→ **WORK REQUEST**:
As you look over the data below, please find each line where the word "after" appears, then copy it.
BEGIN INPUT MATERIAL
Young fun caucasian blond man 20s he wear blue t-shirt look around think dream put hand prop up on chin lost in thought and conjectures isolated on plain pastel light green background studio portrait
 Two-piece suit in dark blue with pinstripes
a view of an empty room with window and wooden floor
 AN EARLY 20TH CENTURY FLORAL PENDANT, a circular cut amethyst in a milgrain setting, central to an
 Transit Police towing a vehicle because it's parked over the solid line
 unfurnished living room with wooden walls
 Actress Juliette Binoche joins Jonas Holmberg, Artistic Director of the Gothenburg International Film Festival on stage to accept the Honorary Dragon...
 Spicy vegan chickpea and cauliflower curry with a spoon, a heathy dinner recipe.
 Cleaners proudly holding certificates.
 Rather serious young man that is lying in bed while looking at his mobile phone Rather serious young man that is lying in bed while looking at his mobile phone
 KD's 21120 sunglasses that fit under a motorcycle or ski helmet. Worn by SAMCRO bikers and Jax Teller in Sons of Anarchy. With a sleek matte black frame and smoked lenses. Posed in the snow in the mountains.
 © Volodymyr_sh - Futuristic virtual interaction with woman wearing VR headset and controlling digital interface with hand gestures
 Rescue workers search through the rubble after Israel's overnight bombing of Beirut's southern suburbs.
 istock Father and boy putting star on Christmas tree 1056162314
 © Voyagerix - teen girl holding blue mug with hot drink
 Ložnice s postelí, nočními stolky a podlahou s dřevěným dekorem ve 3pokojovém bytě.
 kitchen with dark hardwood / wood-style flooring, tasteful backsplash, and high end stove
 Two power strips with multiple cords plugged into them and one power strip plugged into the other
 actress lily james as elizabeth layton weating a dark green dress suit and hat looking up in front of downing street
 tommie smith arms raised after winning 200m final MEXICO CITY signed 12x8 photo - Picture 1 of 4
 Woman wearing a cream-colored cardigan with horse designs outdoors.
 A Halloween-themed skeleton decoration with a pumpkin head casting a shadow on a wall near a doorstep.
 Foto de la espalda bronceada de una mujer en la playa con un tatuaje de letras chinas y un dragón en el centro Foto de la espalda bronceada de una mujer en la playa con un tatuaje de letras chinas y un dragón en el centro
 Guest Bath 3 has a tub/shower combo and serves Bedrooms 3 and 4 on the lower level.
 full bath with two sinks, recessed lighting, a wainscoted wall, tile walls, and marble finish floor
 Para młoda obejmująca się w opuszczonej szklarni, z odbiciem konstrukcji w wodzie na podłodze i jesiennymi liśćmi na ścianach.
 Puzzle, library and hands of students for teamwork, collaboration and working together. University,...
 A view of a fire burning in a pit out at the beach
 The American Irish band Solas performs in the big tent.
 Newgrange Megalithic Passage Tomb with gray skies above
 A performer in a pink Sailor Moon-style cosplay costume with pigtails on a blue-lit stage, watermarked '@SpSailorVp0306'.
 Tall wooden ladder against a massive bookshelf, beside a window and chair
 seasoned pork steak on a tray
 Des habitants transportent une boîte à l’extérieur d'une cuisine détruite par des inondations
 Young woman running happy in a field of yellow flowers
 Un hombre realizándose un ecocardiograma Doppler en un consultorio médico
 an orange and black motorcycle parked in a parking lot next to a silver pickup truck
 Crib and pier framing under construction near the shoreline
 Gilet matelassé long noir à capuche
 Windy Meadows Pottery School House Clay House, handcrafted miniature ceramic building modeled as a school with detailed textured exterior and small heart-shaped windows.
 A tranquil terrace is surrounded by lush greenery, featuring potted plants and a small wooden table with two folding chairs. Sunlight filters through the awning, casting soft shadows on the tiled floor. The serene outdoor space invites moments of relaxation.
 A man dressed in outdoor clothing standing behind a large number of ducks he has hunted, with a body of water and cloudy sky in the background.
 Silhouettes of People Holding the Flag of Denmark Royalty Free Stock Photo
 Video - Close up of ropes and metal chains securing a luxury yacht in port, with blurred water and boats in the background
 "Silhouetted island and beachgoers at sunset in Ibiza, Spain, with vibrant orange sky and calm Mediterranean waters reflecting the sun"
END INPUT MATERIAL
→ **ANSWER TO THIS TASK**:
 Rescue workers search through the rubble after Israel's overnight bombing of Beirut's southern suburbs.
 tommie smith arms raised after winning 200m final MEXICO CITY signed 12x8 photo - Picture 1 of 4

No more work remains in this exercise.